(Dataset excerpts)

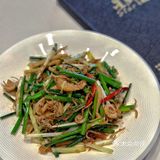 樱花🌸盛开的季节 再吃上一顿正宗的顺德菜 [胜利][胜利][胜利]
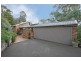 Warrandyte VIC 3113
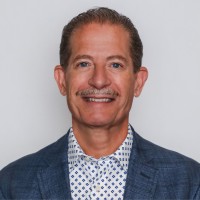 Kevin Hallinan Email & Phone Number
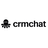 CRMChat Reviews & Ratings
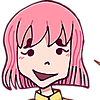 Galxumonster's avatar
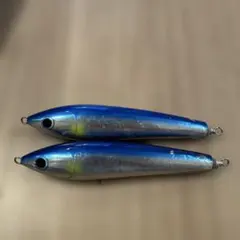 パッションズ おにぎりペンシル 230-110 - メルカリ
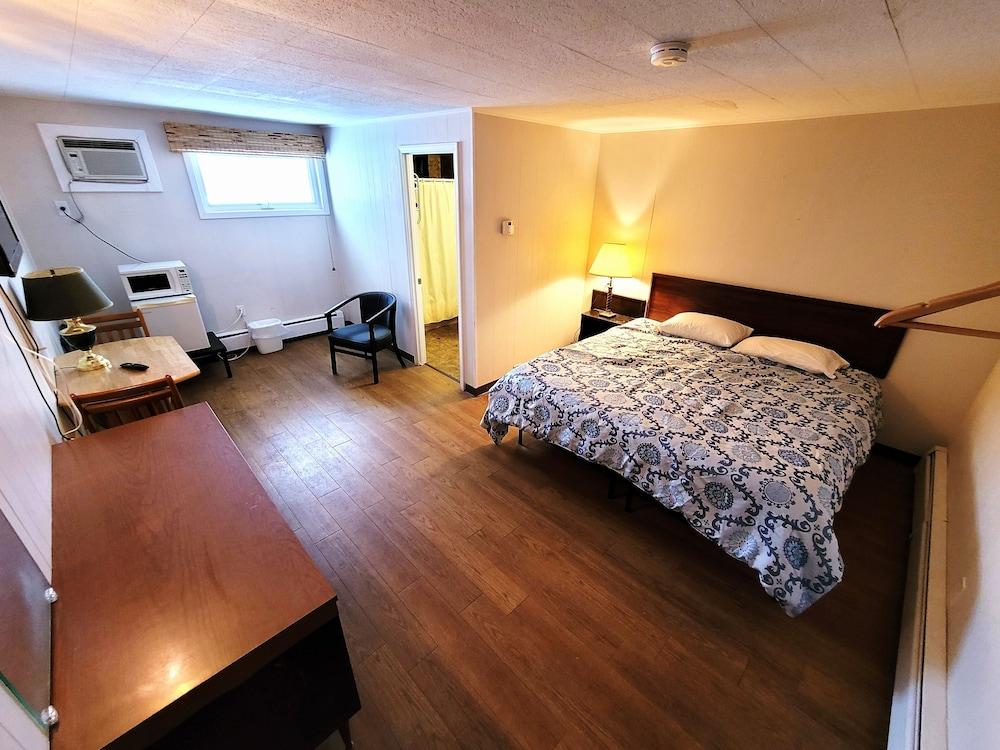 Norman Motel photo 22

WORK TO COMPLETE
Repeat the data exactly as written, but without the pictures.

RESPONSE BELOW
 樱花🌸盛开的季节 再吃上一顿正宗的顺德菜 [胜利][胜利][胜利]
 Warrandyte VIC 3113
 Kevin Hallinan Email & Phone Number
 CRMChat Reviews & Ratings
 Galxumonster's avatar
 パッションズ おにぎりペンシル 230-110 - メルカリ
 Norman Motel photo 22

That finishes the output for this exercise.